To keep things in perspective, we could estimate an average person in USA to drive 900,000 miles in their lifetime (12,000 miles/year × 75 years). Also note that the above report uses only Google self-driving car data. These cars are known to have a full suite of sensors (Multiple LIDAR, RADAR, Cameras, Ultrasonic, GPS and other sensors).
The point is that just like the human driver, the car has to integrate the information from multiple sensors and make the best decision possible in the circumstance. On top of that, it has to be way better to get people to start adopting the technology. Knowing that each of the sensor technologies has some limitation, the need to fuse multiple inputs reliably is a daunting task. Incorrect or poor implementation of the sensor fusion could quickly take the car back to the dealer show room.
5.2. Challenges to sensor fusion
Figure 7 below illustrates the challenge of sensor fusion.
The objective sensor fusion is to determine the environment around the vehicle trajectory with enough resolution, confidence and latency to navigate the vehicle safely.
Figure 7 row 1 shows the ideal case when two sensors agree on an object and the object is detected early enough to navigate the car.
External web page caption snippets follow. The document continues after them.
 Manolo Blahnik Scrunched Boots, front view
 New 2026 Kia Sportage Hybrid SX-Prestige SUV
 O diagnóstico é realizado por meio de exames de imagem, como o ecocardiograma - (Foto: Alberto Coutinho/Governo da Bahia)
Figure 7 row 2 shows a case where each of the sensors classifies the object differently. In this case, the best option maybe to just agree that it is big enough object to avoid if possible.
Figure 7 row 3 similar situation where a person on a bicycle maybe identified as a person or a bicycle. Again, we could agree that it is an unidentified large moving object that needs to be avoided.
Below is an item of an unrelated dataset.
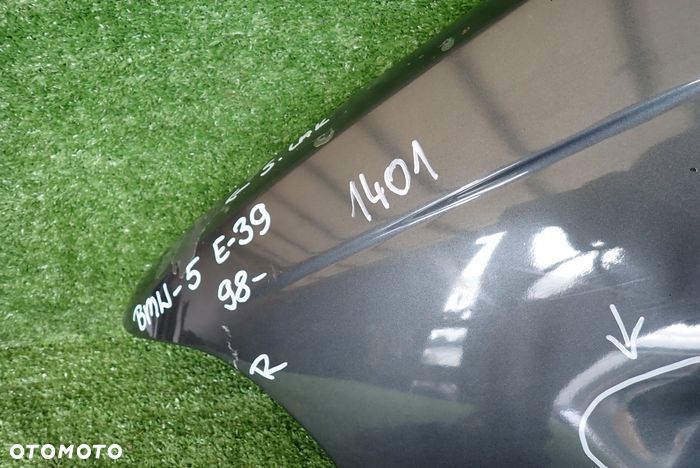 BMW E39 błotnik lewy przedni przód ZAMIENNIK - 10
The last two rows shows smaller objects that pose difficult questions. Is it better to run over a small dog than to risk braking and getting rear-ended? Can the pothole be detected and classified early enough to navigate? Is the pothole or object small enough to run over?
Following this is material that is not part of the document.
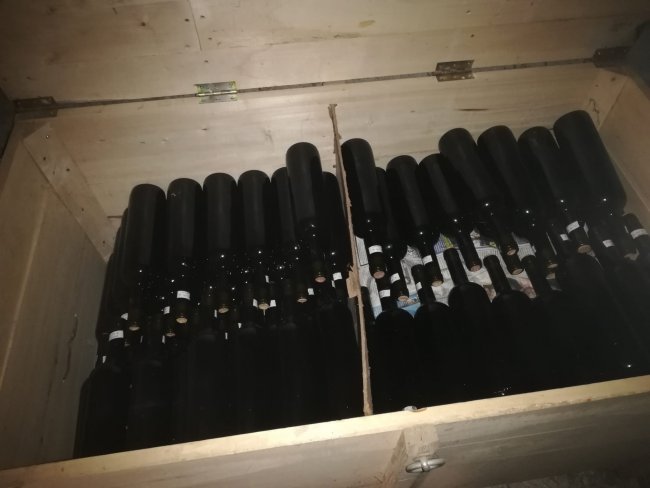 800 Litre Sahte İçki Ele Geçirildi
These questions will take a longer time to resolve with improving technology in sensing, computing, public acceptance and legislation. The 80/20 Pareto principle would imply that the last 20% of the problems for self-driving cars will take 80% of the time it takes to bring it to mass market.
The exponential growth of electronics in the auto industry can be estimated by the number of sensors and electronic control units (ECUs) being added to each newer cars. From a 2003 VW golf (~35 ECUs, 30 sensors); a 2013 Ford Fusion (~70 ECUs, 75 Sensors) to a projection for automated car in 2030 (~120 ECUs, >100 Sensors) . One could be forgiven for imagining the future car to be a supercomputer with wheels.
We are in the initial growth spurt for autonomous cars. A lot of technology still remains to be innovated and matured before regulation and standards kick-in. LIDAR technology is still evolving – range, resolution, eye safety, form factor and cost of the technology is improving rapidly. Camera hardware for medium range and VGA resolution has matured – but needs improvement in range (200 m target), resolution (>8 Megapixel) and performance under poor lighting or with infrared. Sensor fusion architectures can only be optimized after sensors needed are standardized or at least well understood. Real time operation with use of Artificial Intelligence – Neural networks is still in early stage. Society has still to debate and accept the safety performance with known behavior of these robots on wheels. What a great time for electronics and the Auto industry!